On the other hand, inexpensive video conferencing systems exist but are predominantly limited to transmitting only a single video stream across the network. While this lowers the network requirements for using such video conferencing systems, it also limits what can be displayed at the remote video conferencing site to the single video stream. Thus, for video captured in a conference room environment, the remote site may simply see an overall view of the conference room environment, and any adjustments to the camera (e.g., pan, tilt and zoom operations) must be made manually by a user.

As such, embodiments provide a video conferencing endpoint system capable of manipulating a field of view of captured video content that is transmitted to a remote video conferencing endpoint device, based on measures of activity between frames of captured video content. For instance, embodiments may receive captured video data having a first field of view of a physical environment. Generally, the captured video data includes a sequential plurality of frames captured using a camera sensor. In one embodiment, the video data is captured using a wide angle camera sensor.

Embodiments may then analyze the captured video data to determine a plurality of measures of activity for portions of the video data across the plurality of frames. Generally, the measures of activity correspond to types of activities that are desirable to include in the video stream transmitted to the remote video conferencing site. For example, embodiments could analyze the captured video data to determine which of a plurality of users depicted within the video data is currently speaking. In doing so, embodiments could first perform a facial recognition analysis on the frames of the video data and could then determine a measure of motion for each detected face within the frames of the video data. Embodiments could then determine which measure of motion is most indicative of a user speaking.

Embodiments could then use the determined measures of activity to generate stream video data having a second field of view of the physical environment. For instance, embodiments could control the movement of a second camera device to capture stream video data that is substantially centered on a physical entity within the physical environment, based on the determined measures of activity. As an example, logic for the video conferencing system could determine which user depicted within the captured video data is currently speaking and could control the movement of the second camera device (e.g., pan, tilt and zoom of the second camera device) to capture stream video data that is substantially centered on the user who is currently speaking.
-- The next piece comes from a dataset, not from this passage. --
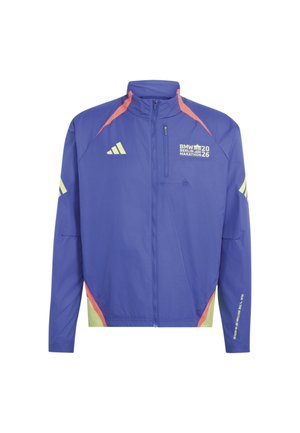 adidas Performance, BER26 LEG JKT M - Αντιανεμικό μπουφάν - dual indigo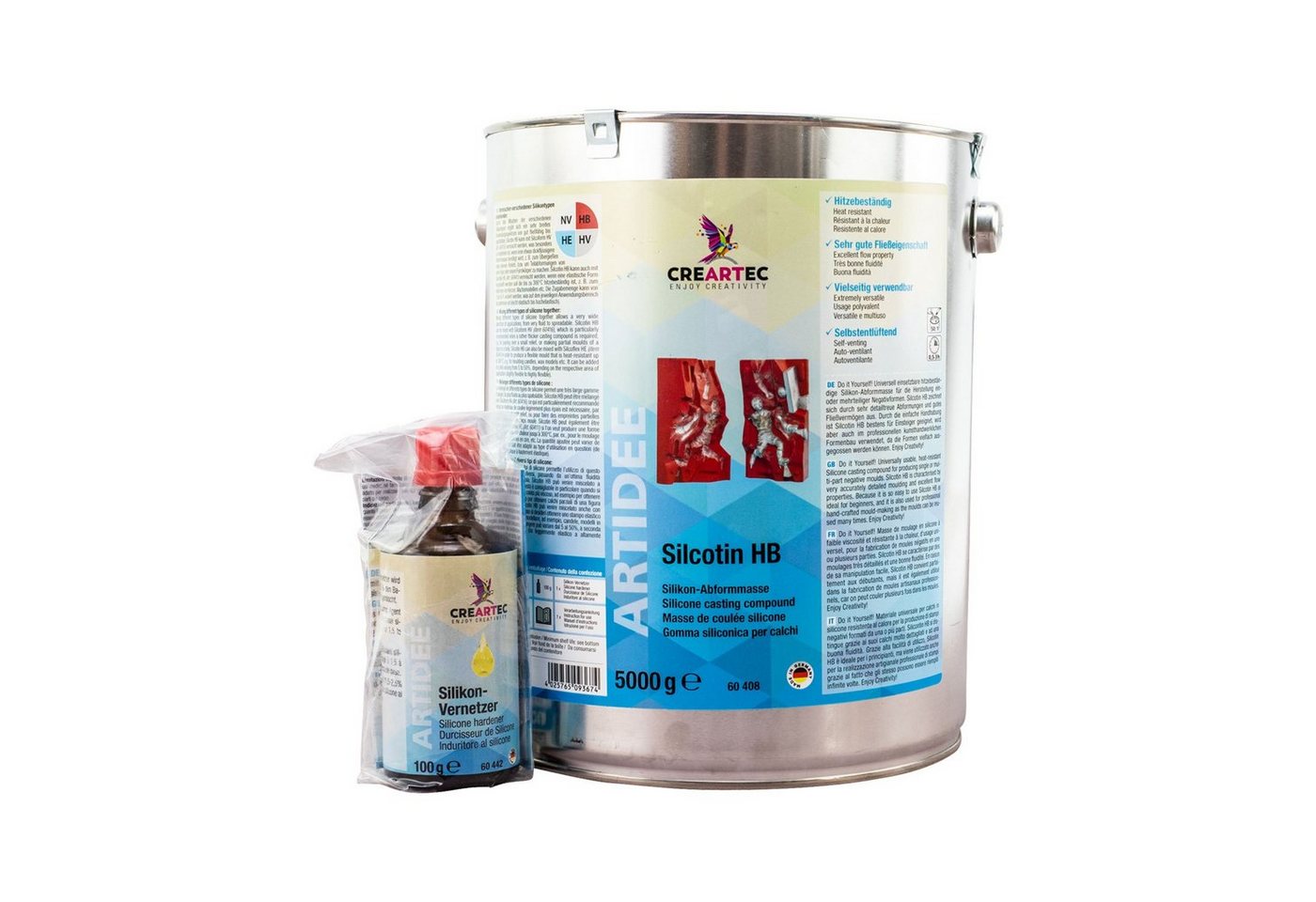 Selva Technik Modellierwerkzeug Silikon-Kautschuk HB 5000g Selva Technik Modellierwerkzeug Silikon-Kautschuk HB 5000g von Selva Technik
The stream video data could then be transmitted over a network to a remote video conferencing device for display. Doing so provides an intelligent video conferencing system that is capable of dynamically adjusting the video stream that is transmitted to the remote video conferencing device.

An example of such a system is shown in FIG. 1, which is a diagram illustrating a video conferencing system for two video conferencing endpoints, according to one embodiment described herein. As shown, the system 100 includes a video conferencing endpoint 110 and a video conferencing endpoint 140, interconnected via a network 135. The network 135 generally represents any data communications network suitable for the transmission of video and audio data (e.g., the Internet). In some configurations, each of the video conferencing endpoints 140 includes one or more display devices for at least displaying received video and audio data and video and audio capture devices (e.g., pan and tilt camera 120) for capturing video data to send to the other video conferencing endpoints 110, 140. For example, the video conferencing endpoint 140 could represent a video conferencing software application (e.g., Microsoft® Skype®) executing on a mobile computing device that transmits captured video and audio data across the network 135 for display at the video conferencing endpoint 110 and that displays video and audio data received from the video conferencing endpoint 110. As another example, the video conferencing endpoint 140 could represent a dedicated video conferencing environment in which multiple camera devices are permanently installed. More generally, the video conferencing endpoint 140 represents any device(s) that are suitable to participate in a video conference, or even just displaying the received video and audio data.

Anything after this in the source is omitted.